» Problem description:
Given the records below, the lines starting at the line with "Implantation of Cartilage diagram and image" and ending at the line with "tipos implantes dentales" should be output exactly, both end lines kept and pictures left out.

» Extracted records:
- - - - - - -
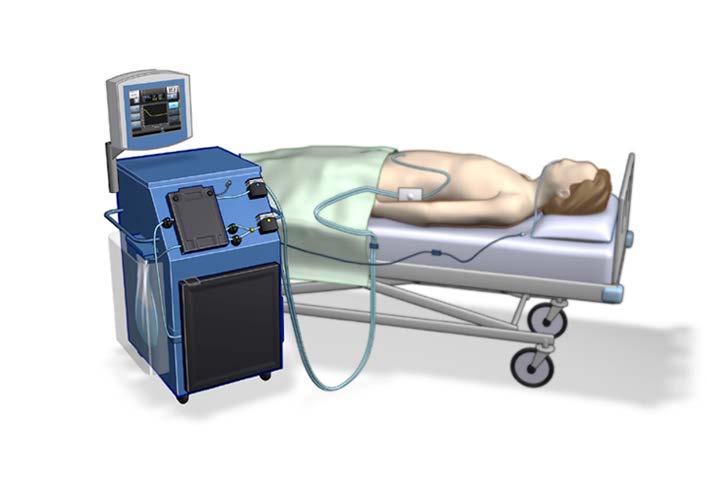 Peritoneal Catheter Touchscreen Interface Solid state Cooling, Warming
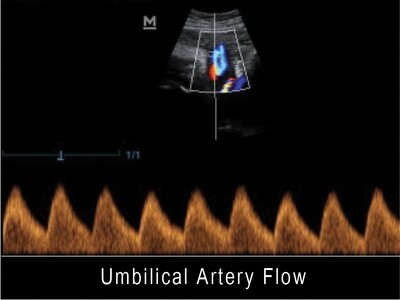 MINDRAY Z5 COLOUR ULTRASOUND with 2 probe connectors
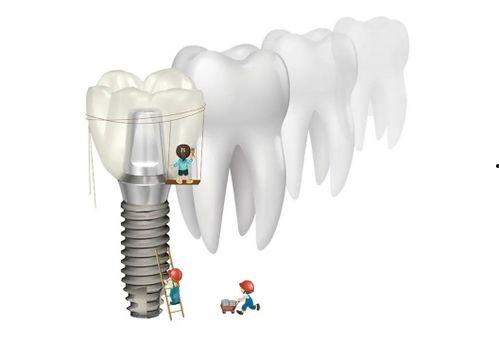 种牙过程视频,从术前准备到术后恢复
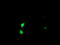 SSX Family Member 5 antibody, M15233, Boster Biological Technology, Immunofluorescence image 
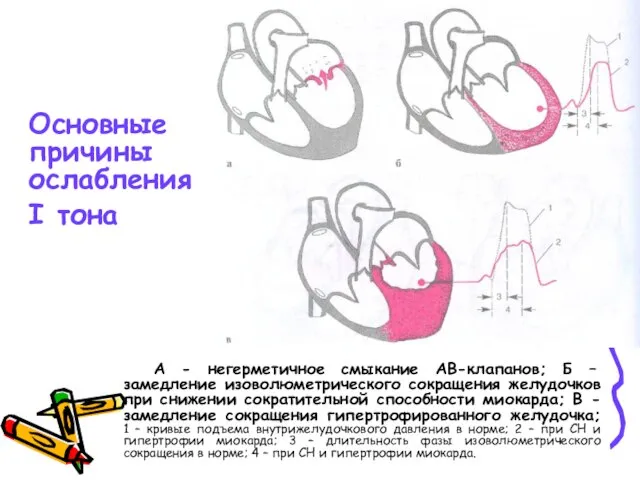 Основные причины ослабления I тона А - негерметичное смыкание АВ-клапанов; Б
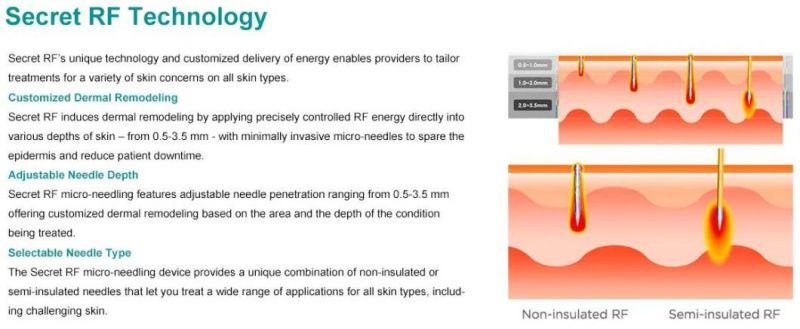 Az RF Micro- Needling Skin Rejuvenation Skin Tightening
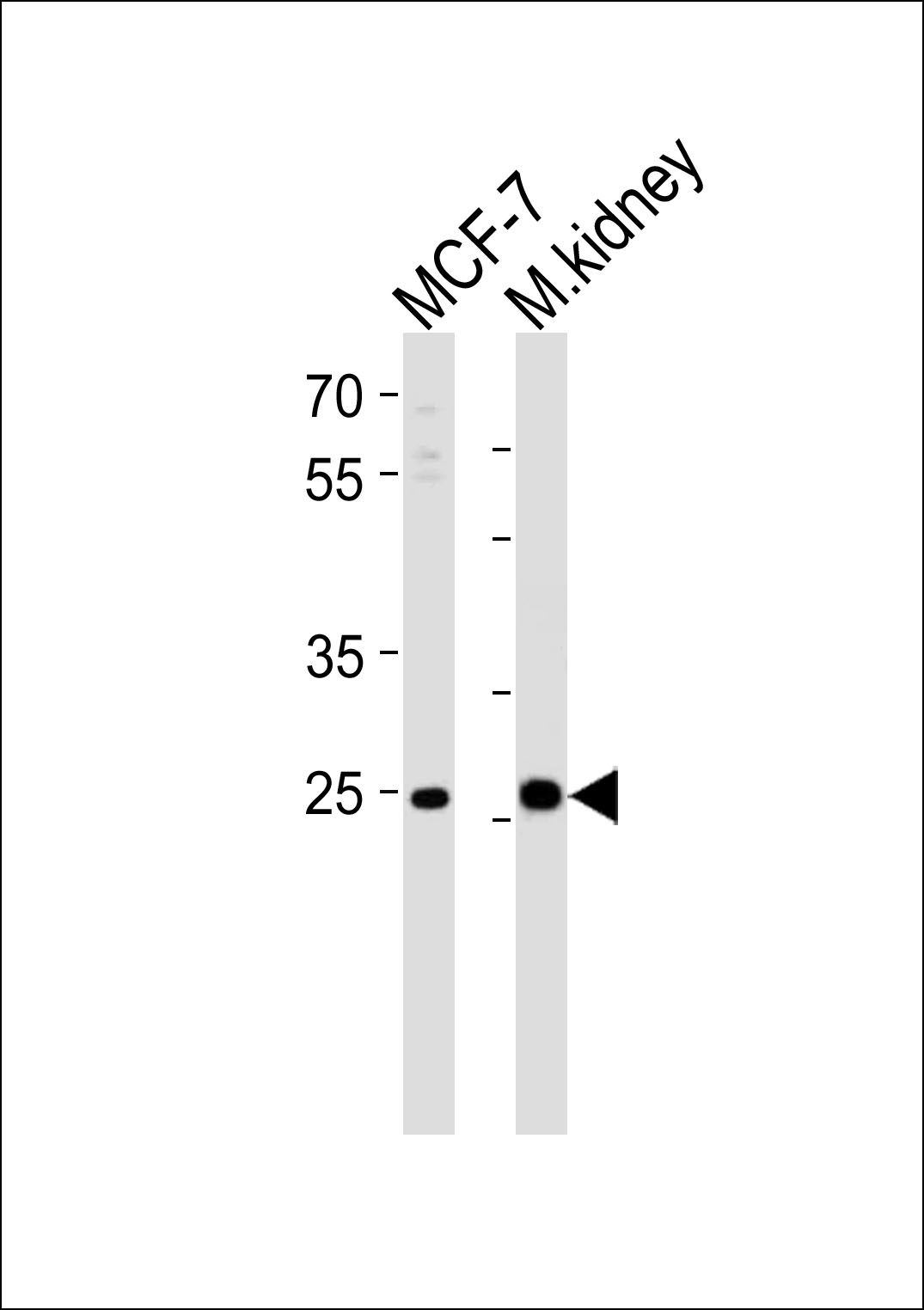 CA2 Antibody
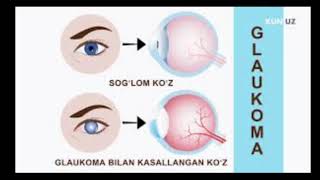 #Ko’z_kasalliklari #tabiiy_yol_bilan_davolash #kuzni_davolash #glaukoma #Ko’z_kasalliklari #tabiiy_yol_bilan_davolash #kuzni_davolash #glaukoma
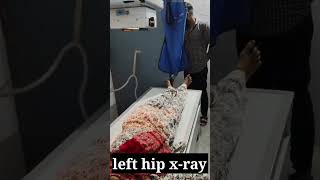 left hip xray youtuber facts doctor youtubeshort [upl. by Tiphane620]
- - - - - - -
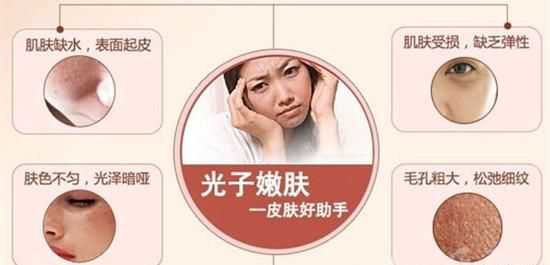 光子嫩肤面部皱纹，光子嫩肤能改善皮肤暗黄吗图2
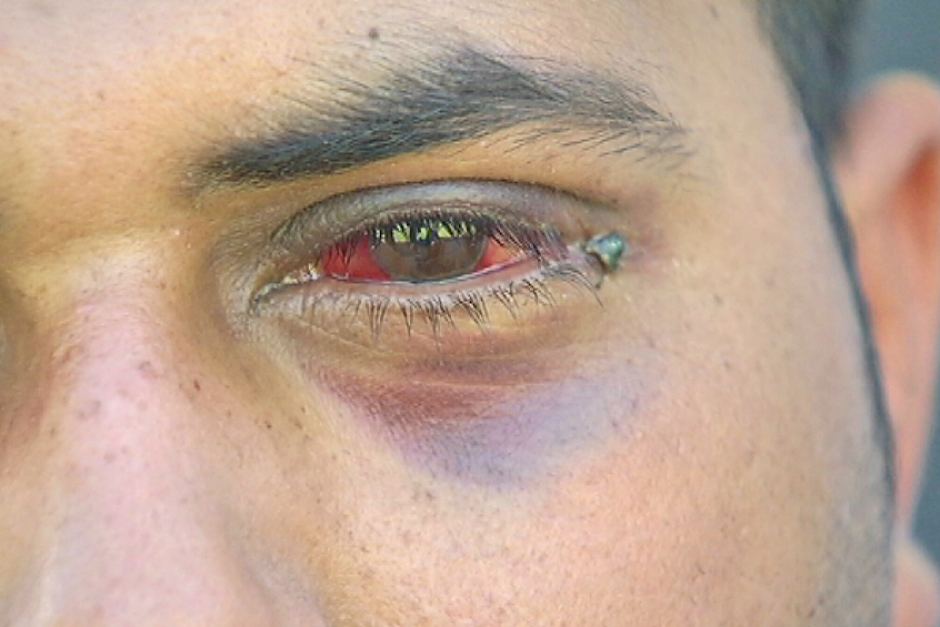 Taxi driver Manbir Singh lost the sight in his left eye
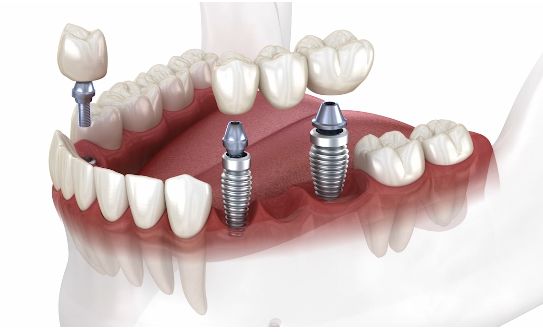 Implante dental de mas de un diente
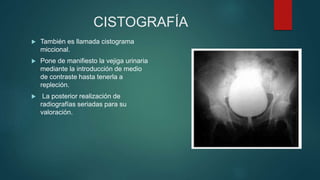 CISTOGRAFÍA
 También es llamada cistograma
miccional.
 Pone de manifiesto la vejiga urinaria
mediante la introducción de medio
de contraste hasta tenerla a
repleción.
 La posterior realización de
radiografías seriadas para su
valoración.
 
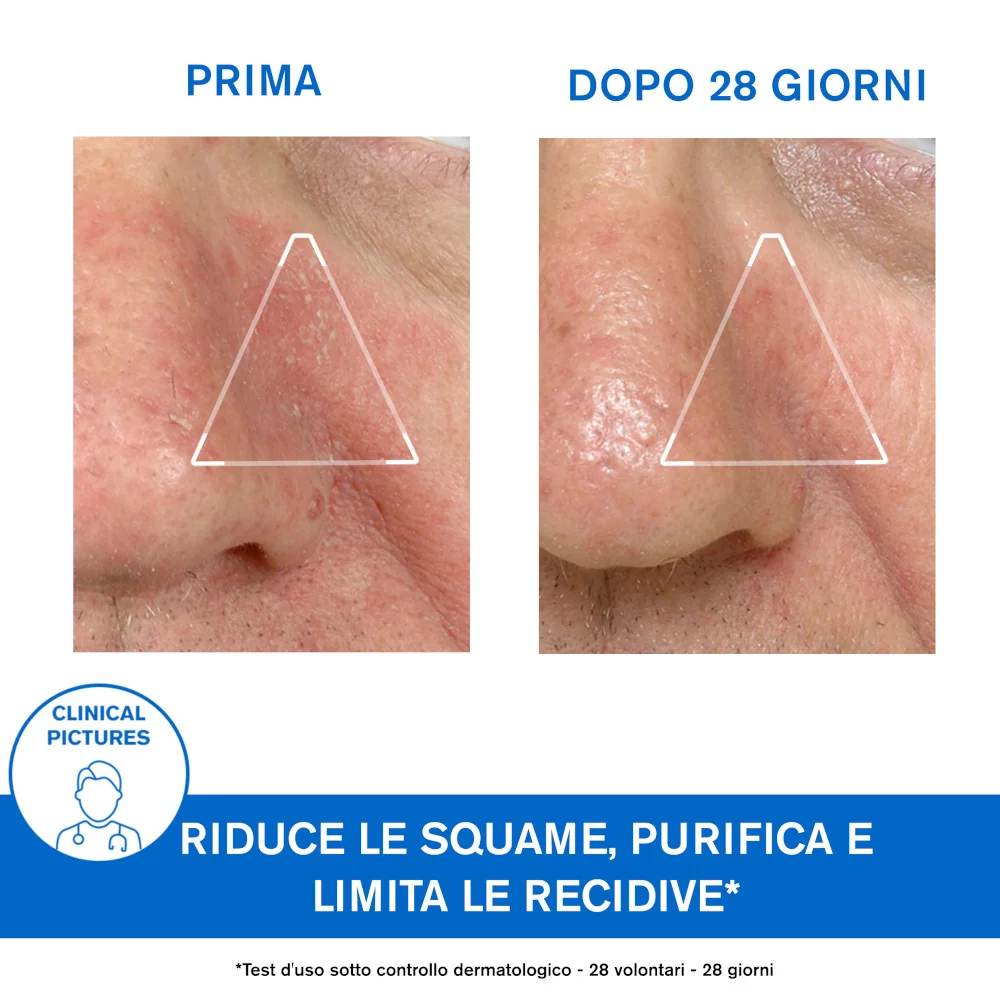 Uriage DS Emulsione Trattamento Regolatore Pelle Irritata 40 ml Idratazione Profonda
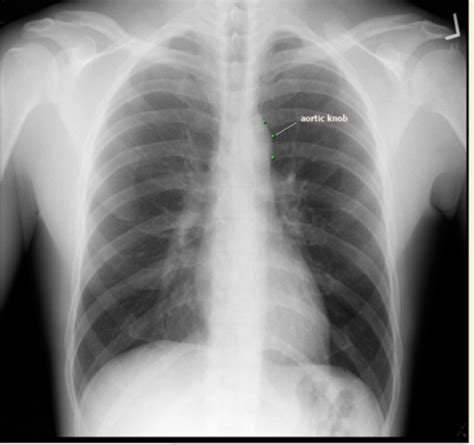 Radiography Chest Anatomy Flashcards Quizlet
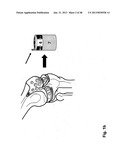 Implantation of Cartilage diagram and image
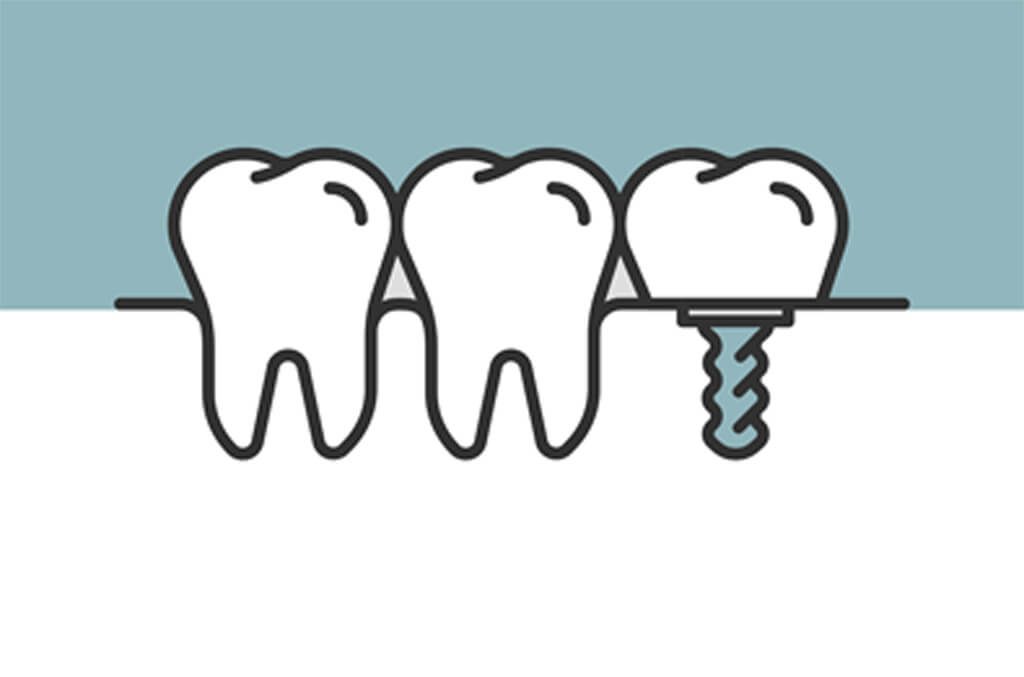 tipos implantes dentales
- - - - - - -
» Answer for the task:
 Implantation of Cartilage diagram and image
 tipos implantes dentales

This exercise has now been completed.